In the page where I give my favorite beef bourguignon recipe, I mention that I like to use herbes salées in my potatoes.

As with most salted foods, the origin of Herbes Salées – the famous salted herbs of Québec – goes back to the days when refrigeration did not exist. Our ancestors needed a way of preserving herbs over the winter.

Those cold, long winters also played their part. My heart goes out to the French pioneers, who had no idea how cold their new land was, and how short the growing season.

From the homeland, they already knew about salting foods. Since time immemorial salt was used for preserving all sorts of edibles. Another example of a salted food that we use in these pages is salt pork.

Herbes salées recipes were very flexible. You salted what you had, what you liked, what you grew or could trade with the neighbors.

Here's a list of herbs found in various regional
herbes salées recipes:
  • Beet Greens
  • Carrot greens
  • Carrots
  • Celery
  • Celery Leaves
  • Chervil
  • Chives
  • Dandelions
  • Green Onions
  • Leeks
  • Onions
  • Parsley
  • Parsnips
  • Rosemary
  • Spinach
  • Summer Savory
  • Thyme
  • Turnips
In Québec, you can buy these herbs in jars everywhere. The list of ingredients on the brand that I buy reads as follows: 

celery, onion, salt, carrots, parsnips, parsley, chervil, savory, leeks, chives, spinach

The law requires that ingredients be listed in order of quantity, so in this case celery, onions and carrots are the major players.

Herbes Salées or Salt Herbs

Here are two basic recipes. The first one is for those who have to buy their herbs (at a farmer's market, hopefully, and organic, too!), while the second one is for those who grow their own.

Use only fresh herbs, not dried.

You could vary your mixture according to the dish you will be adding them to. For instance, you could omit strong-flavoured ingredients like turnips from a mixture destined to chicken, and include tarragon, if you have any.

Or you could salt just one type of herb. This is a picture of the large jar of salted cilantro (fresh coriander/chinese parsley) that I keep in my fridge, for seasoning certain Mexican or Oriental dishes. I do this because the nearest store carrying cilantro is over an hour away.

As you can see, the possibilities are endless!

Note that the salt will not dissolve. It may draw some of the water from the herbs, forming a bit of brine, and that's okay.

Herbes Salées for City Folks

Naturally, you can vary your herbs according to the lists above.
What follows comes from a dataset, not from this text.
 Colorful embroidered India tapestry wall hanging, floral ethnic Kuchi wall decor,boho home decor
1/2 cup (125 ml) parsley, leaves and stems
1/2 cup (125 ml) peeled carrots
1/2 cup (125 ml) leeks, white and green parts
2 tablespoons summer savory
2 tablespoons chives
2 tablespoons celery, including the leaves
1/2 teaspoon thyme
A pinch of rosemary
1 scallion or green onion, white and green parts
1/4 to 1/2 cup (60 to 125 ml) coarse (pickling) salt, kosher salt or coarse sea salt
  • Rinse the herbs in cold water and dry them well.
  • Chop everything very finely (see picture).
  • Mix well and divide among several small jars.
  • Refrigerate.

Herbes Salées for Gardener Types

This is just a guide. Use whatever your garden produces, as it becomes available:

1. Deposit 2 tablespoons each of finely chopped chives, savory and parsley in the bottom of a container large enough for all your herbs.

2. Cover with coarse salt and press lightly.
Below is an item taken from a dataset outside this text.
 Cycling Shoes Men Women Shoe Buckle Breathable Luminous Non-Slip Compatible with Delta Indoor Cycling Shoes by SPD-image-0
3. Add 1/4 cup of finely chopped carrots; cover with coarse salt and press lightly.

4. Add 1/4 cup of finely chopped celery leaves; cover with coarse salt and press lightly.

5. Add 1/4 cup of finely chopped onions; cover with coarse salt and press lightly.

6. Etc.

Leave for at least 3 weeks before mixing and re-packing in smaller jars.


Use your herbes salées mostly as herbal seasoning for cooked dishes and put them in early so they'll have time to rehydrate and diffuse their aromas.

Always add your herbs before any other kind of salt. They are very salty! (Think of them more as a "seasoned salt" than a herb seasoning.)

They have a particular affinity for potatoes. That's why I use them on the small potatoes I often serve as an accompaniment to beef bourguignon. I just mix some melted butter with salt herbs and toss the potatoes in it.

I love them in mashed potatoes! Add 1 one tablespoon of herbs for 6 portions. Add pepper to taste.

Try them in soups, gravies, fish, meats and meat pies, meat loaf, stews, ground meats, pasta, rice, omelets, chicken, stir-frys, etc. -- start with just a little and be sure to wait until the salt dissolves before tasting and adding more, or any other salt!


Homemade salt herbs keep just as well as commercial ones; salt is an excellent preservative. But you should still store them in the refrigerator.